John Nelson Darby presented his system of Dispensationalism roughly at the same time Spurgeon was ministering. As has already been shown Spurgeon was certainly familiar with dispensational thought. Darby taught that the church should be “looking for His coming.”307 Darby’s presentation of the Dispensational scheme for the millennium:
(1) a pretribulational rapture of the church,
(2) Seven years of tribulation with the earth under the control of Antichrist,
(3) the Second Coming at the end of the tribulation,
(4) the establishment of the Millennial kingdom —for Israel, not the Church— with Christ personally reigning as Messiah, were all items widely distributed and well known in Victorian England.
These distinctive features of dispensational premillennialism have remained somewhat consistent in the teachings of those identified as “Classic Dispensationalists.”

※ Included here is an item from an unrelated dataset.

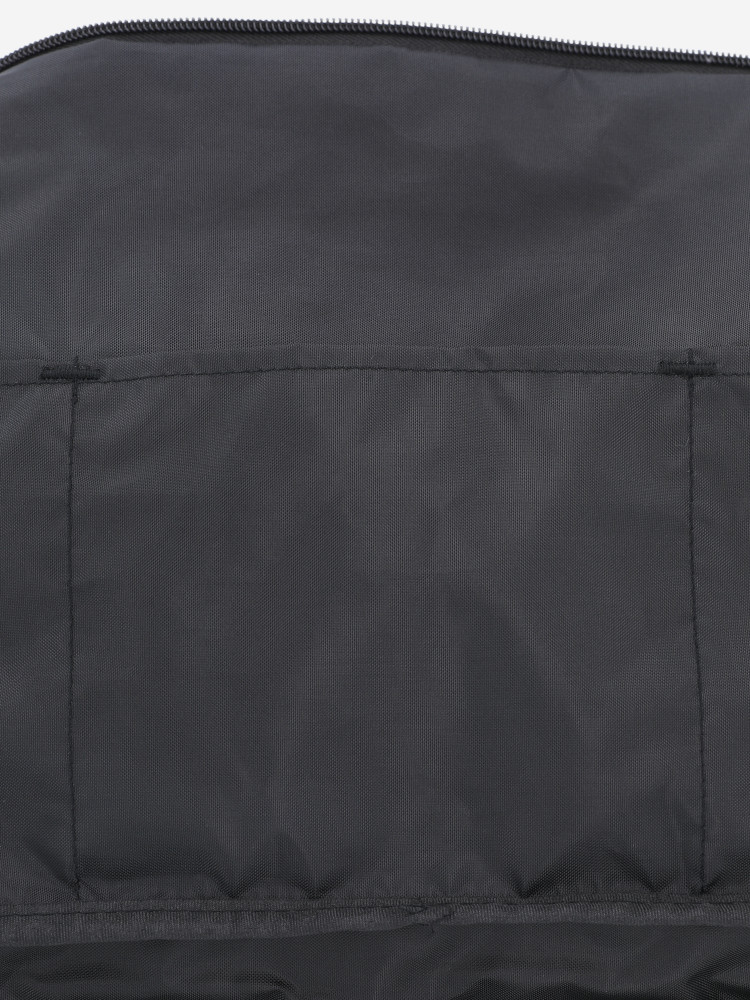 Сумка женская - фото 6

Ryrie, representing the “classic” position, points this out by presenting what he called the sine qua non of dispensationalism. Those points are:
(1) maintenance of a clear distinction between Israel and the Church,
(2) a normal or literal hermeneutic,
(3) the underlying purpose of God in human history, namely, His glory.308
He sums it up by stating:
The essence of dispensationalism, then, is the distinction of Israel and the Church. This grows out of the dispensationalists consistent employment of normal or plain interpretation, and it reflects an understanding of the basic purpose of God in all His dealings with mankind as that of glorifying Himself thought salvation and other purposes as well.309
The issues of a “normal hermeneutic” and the “purpose of God in human history” are beyond the scope of this thesis; but the key issue of the distinction of Israel and the Church is not, and it is on this issue that Spurgeon distances himself from Dispensational Premillennialism.
Spurgeon rejected any notion which separated the people of God into separate camps, as taught by Darby and dispensational teaching.
In a clear reference to the teaching of Dispensationalists on this point, he clearly rejected this notion in a sermon when he said:
“Distinctions have been drawn by certain exceedingly wise men (measured by their own estimate of themselves), between the people of God who lived before the coming of Christ, and those who lived afterwards. We have even heard it asserted that those who lived before the coming of Christ do not belong to the church of God!
We never know what we shall hear next, and perhaps it is a mercy that these absurdities are revealed at one time, in order that we may be able to endure their stupidity without dying of amazement. Why, every child of God in every place stands on the same footing; the Lord has not some children best beloved, some second-rate offspring, and others whom he hardly cares about.
These who saw Christ’s day before it came, had a great difference as to what they knew, and perhaps in the same measure a difference as to what they enjoyed while on earth meditating upon Christ; but they were all washed in the same blood, all redeemed with the same ransom price, and made members of the same body.
Israel in the covenant of grace is not natural Israel, but all believers in all ages. Before the first advent, all the types and shadows all pointed one way —they pointed to Christ, and to him all the saints looked with hope. Those who lived before Christ were not saved with a different salvation to that which shall come to us. They exercised faith as we must; that faith struggled as ours struggles, and that faith obtained its reward as ours shall” 310
That Spurgeon sees the Church and Israel united “spiritually”, there can be no mistake. The same point is made in a Sword and Trowel article of 1866 entitled, “Jerusalem which is Above.”311
While there are many features relating to dispensationalism on which Spurgeon is either silent or says very little; those features are not central to the issue.312 On the central feature of dispensational premillennialism, Spurgeon does not hold to the distinction of Israel and the Church that would be common to a “classic dispensational” approach.
For Spurgeon the millennial kingdom was the culmination of God’s program for the Church.